- **Your task**
Take the lines from the one with "Used AION RT" to the end of the listing, both ends included, and quote them exactly, leaving pictures out.

[[ Data shown open ]]

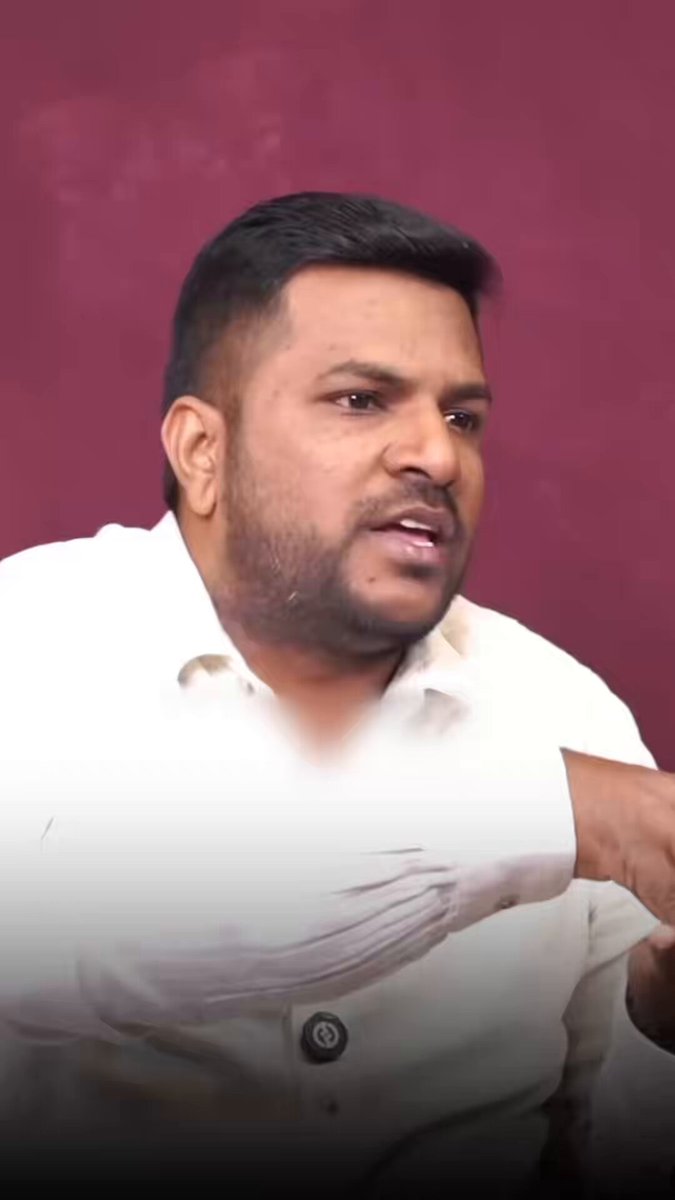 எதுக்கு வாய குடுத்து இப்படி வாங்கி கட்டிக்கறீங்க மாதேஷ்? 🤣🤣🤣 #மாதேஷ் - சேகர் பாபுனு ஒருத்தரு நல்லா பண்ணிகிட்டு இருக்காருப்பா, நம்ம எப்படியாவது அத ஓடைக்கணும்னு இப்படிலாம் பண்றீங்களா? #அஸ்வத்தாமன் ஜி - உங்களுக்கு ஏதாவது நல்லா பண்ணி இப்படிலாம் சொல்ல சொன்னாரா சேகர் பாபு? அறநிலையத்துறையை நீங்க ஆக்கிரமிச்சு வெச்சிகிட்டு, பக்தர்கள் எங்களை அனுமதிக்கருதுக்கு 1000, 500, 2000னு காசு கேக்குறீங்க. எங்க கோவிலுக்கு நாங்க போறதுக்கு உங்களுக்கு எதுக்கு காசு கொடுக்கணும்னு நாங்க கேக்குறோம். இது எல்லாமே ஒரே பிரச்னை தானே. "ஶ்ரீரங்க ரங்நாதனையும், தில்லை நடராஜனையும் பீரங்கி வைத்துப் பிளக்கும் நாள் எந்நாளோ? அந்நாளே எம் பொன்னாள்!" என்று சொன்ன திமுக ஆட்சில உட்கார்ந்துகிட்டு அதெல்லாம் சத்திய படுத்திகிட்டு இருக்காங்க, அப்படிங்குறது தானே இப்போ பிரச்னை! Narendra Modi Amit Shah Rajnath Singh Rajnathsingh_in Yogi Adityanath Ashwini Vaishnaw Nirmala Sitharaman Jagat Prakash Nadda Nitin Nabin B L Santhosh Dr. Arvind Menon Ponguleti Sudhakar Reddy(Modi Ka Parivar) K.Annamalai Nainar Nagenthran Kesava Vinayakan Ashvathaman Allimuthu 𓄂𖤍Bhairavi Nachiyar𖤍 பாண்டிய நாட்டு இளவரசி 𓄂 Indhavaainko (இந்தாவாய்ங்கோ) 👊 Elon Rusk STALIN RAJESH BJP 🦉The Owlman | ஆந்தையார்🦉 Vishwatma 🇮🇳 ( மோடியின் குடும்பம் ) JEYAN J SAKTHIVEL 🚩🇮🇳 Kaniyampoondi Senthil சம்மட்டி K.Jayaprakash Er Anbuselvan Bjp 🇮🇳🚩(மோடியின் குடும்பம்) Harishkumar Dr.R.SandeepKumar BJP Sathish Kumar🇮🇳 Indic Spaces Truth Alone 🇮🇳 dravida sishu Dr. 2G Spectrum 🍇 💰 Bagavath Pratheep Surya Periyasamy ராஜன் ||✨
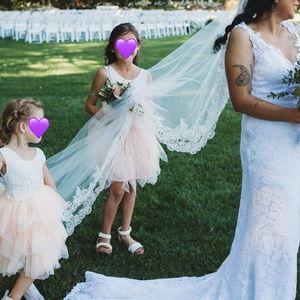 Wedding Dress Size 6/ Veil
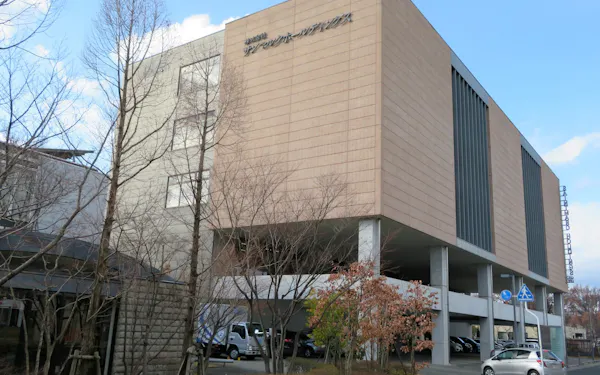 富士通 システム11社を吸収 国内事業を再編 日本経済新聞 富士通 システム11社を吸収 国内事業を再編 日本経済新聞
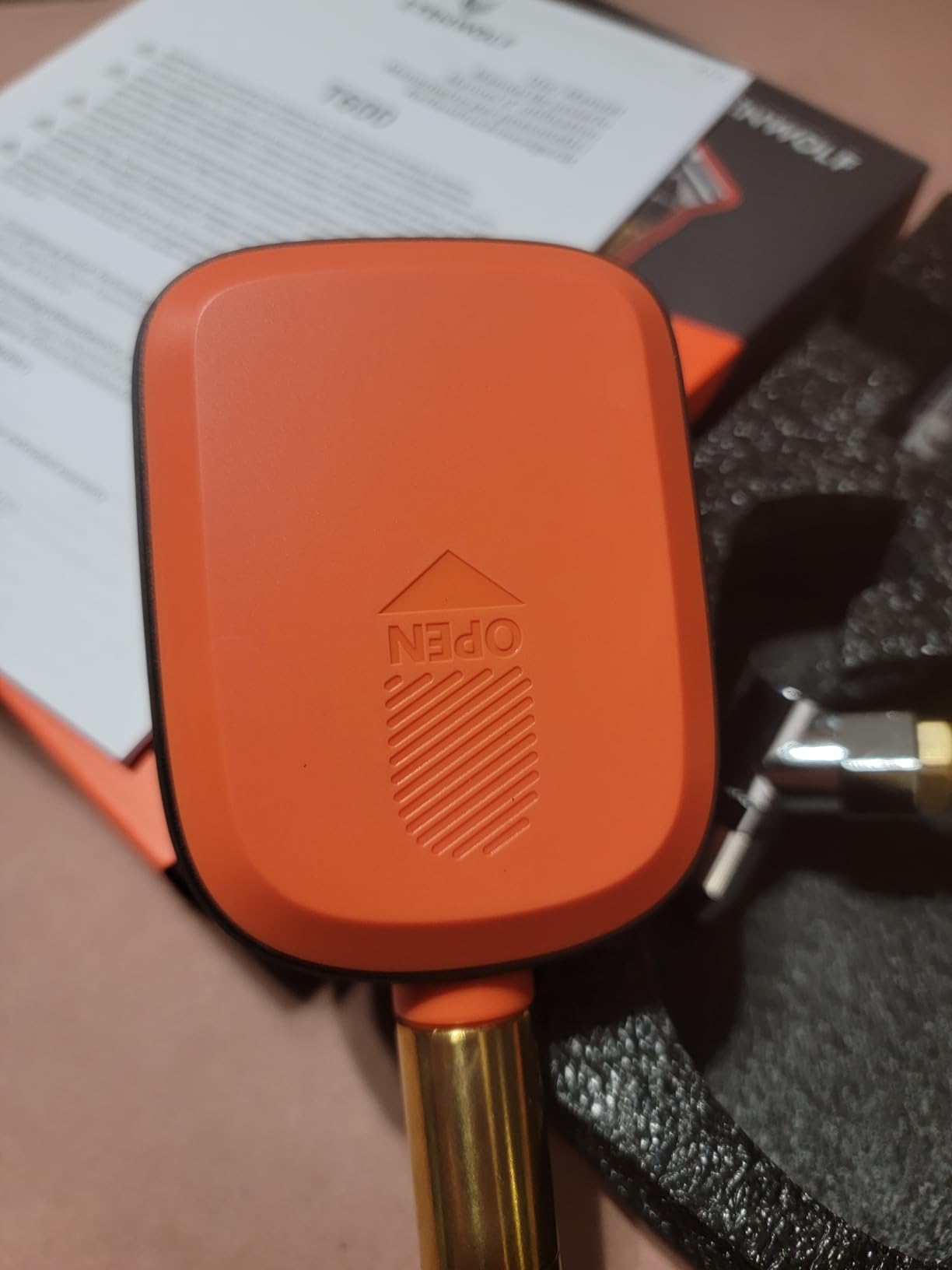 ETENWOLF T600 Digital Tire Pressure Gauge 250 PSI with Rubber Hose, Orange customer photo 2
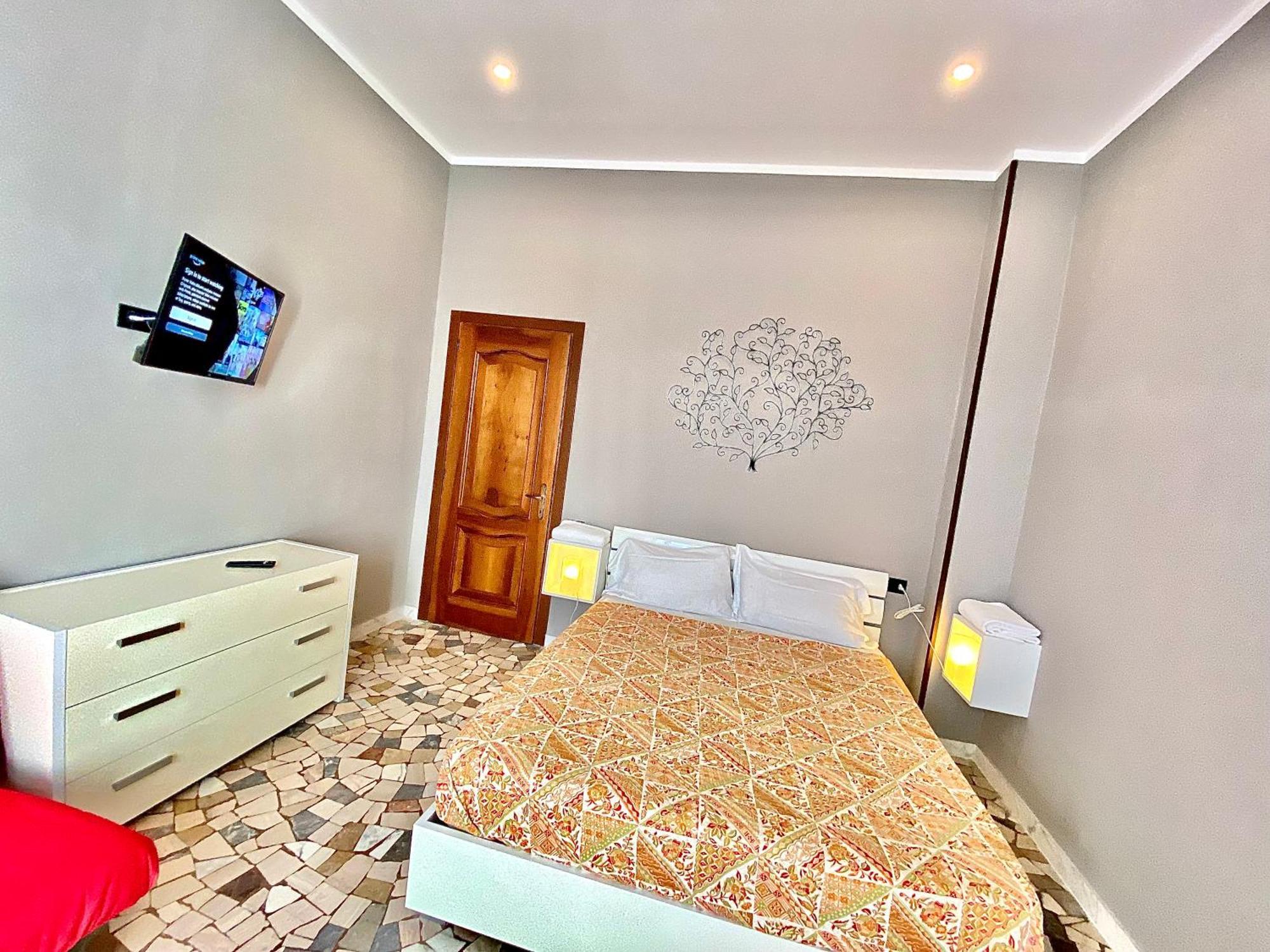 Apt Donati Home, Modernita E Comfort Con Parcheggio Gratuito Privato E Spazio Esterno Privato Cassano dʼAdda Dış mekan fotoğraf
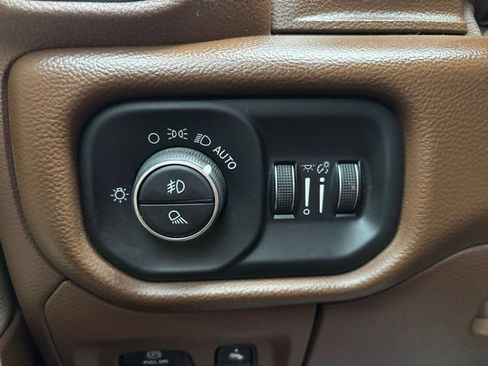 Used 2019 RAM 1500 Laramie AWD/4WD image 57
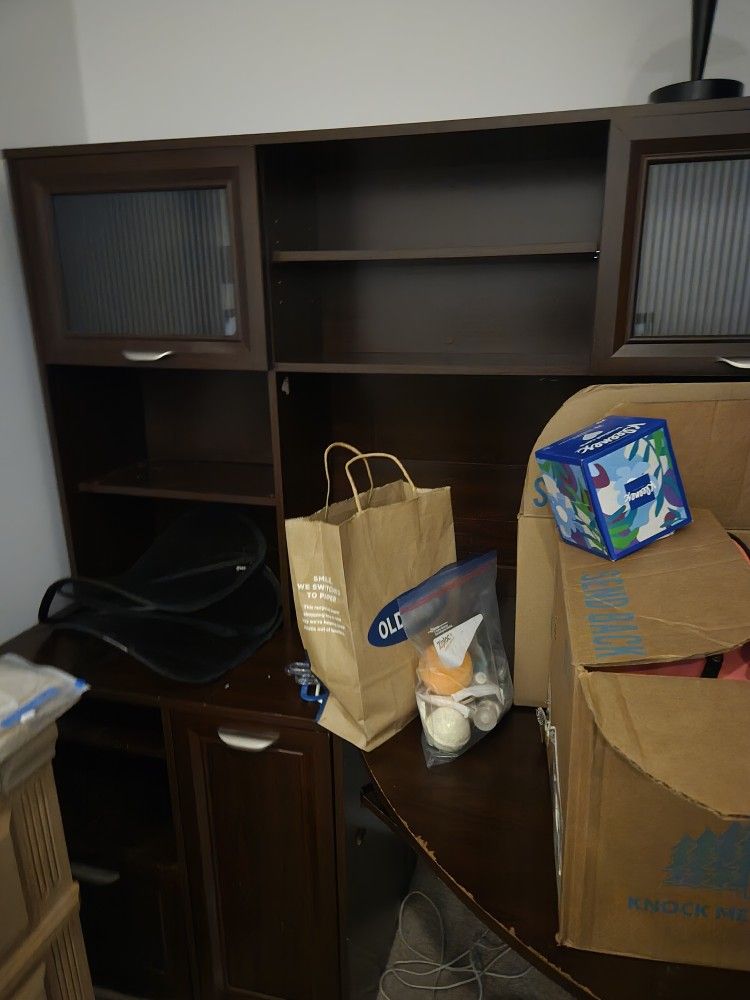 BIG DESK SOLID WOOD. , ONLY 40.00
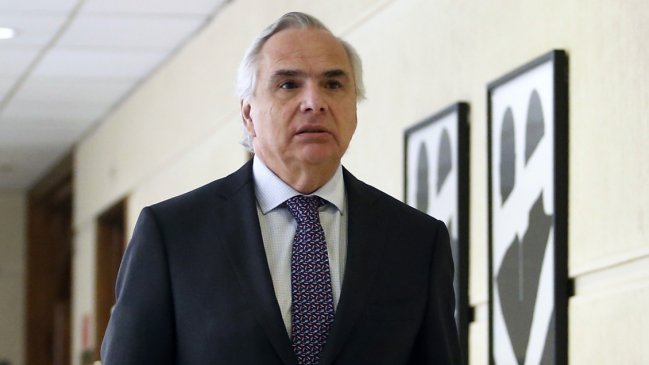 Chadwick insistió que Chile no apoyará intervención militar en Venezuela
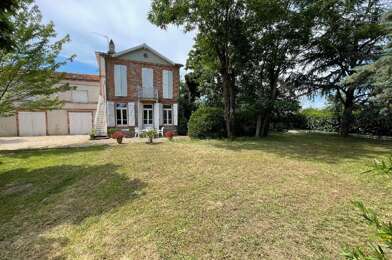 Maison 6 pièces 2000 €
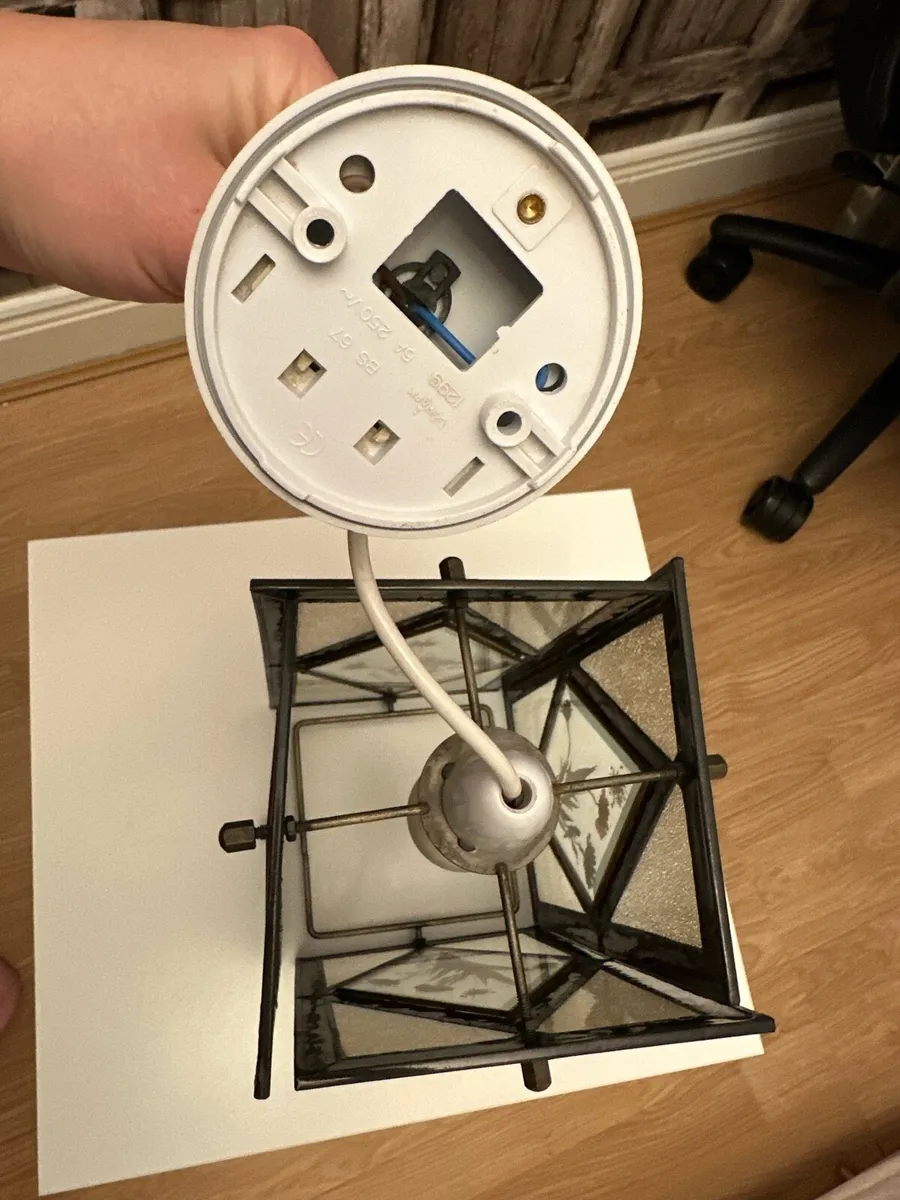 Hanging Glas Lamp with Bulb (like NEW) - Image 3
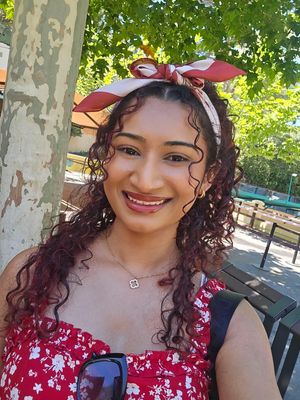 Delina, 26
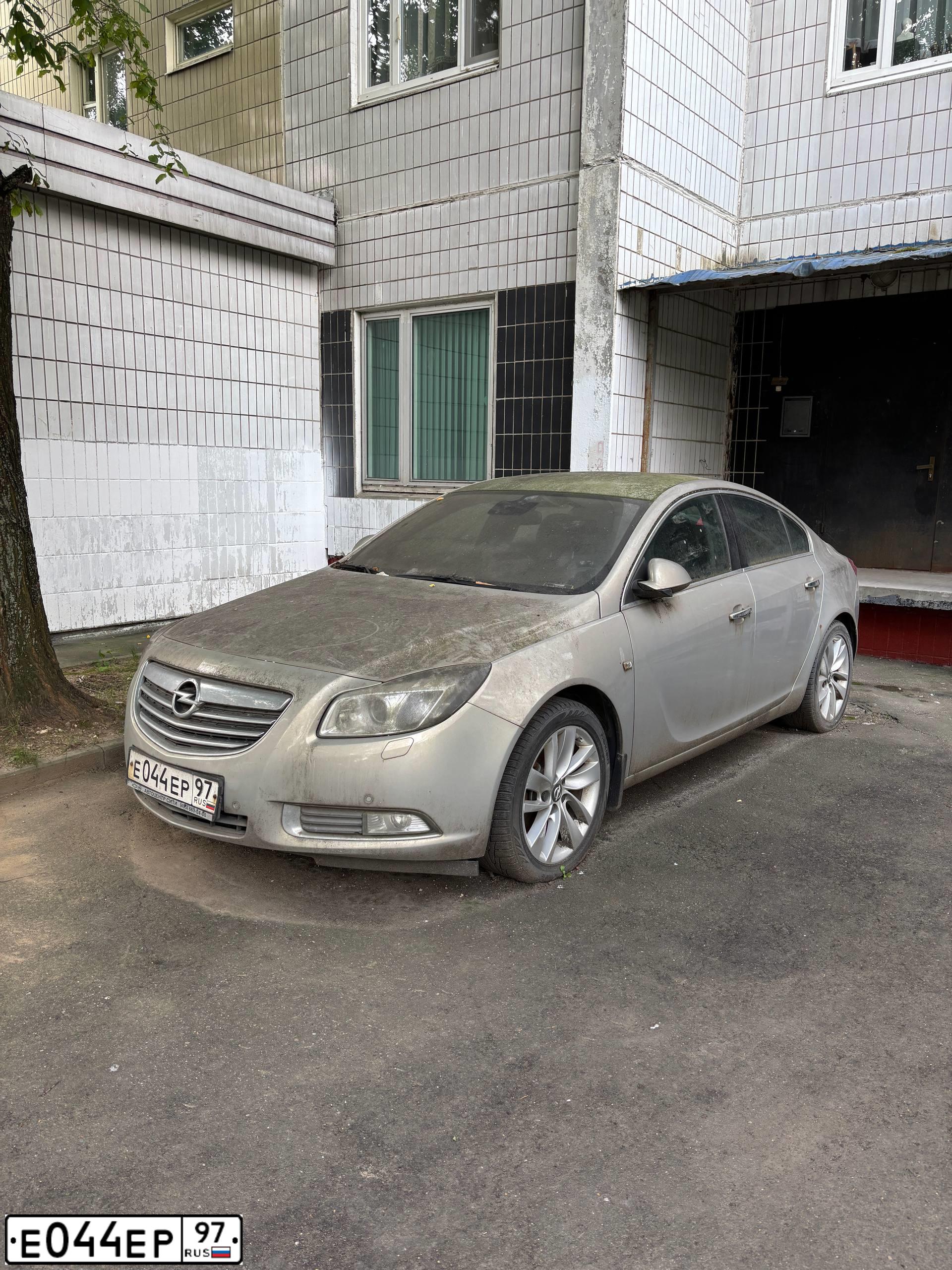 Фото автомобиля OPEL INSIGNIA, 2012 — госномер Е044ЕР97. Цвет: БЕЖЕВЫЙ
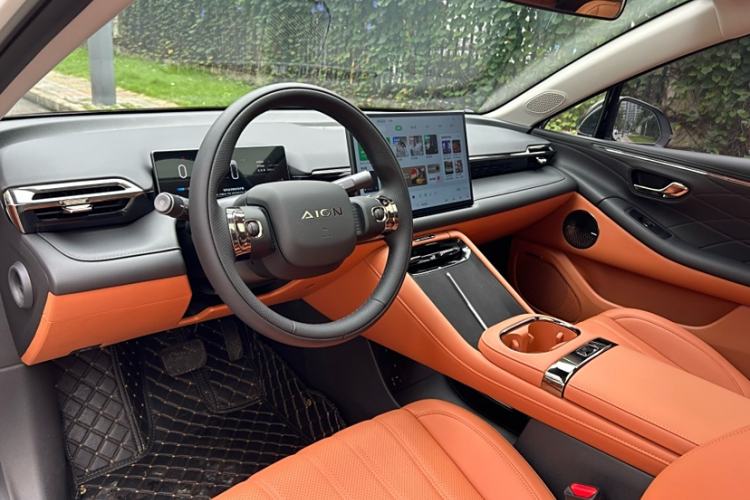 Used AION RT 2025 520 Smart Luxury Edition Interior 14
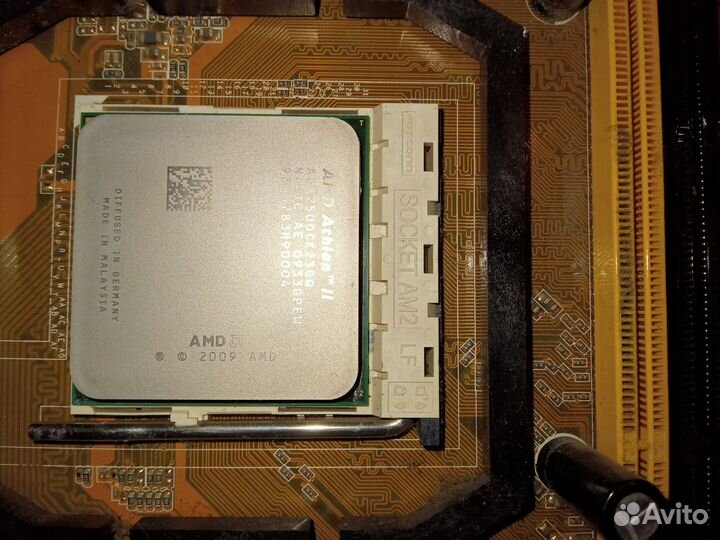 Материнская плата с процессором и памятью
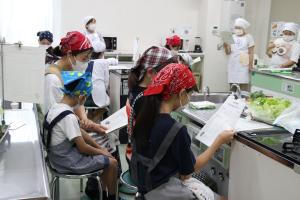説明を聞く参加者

[[ Data shown closed ]]

- **Reply to the task**
 Used AION RT 2025 520 Smart Luxury Edition Interior 14
 Материнская плата с процессором и памятью
説明を聞く参加者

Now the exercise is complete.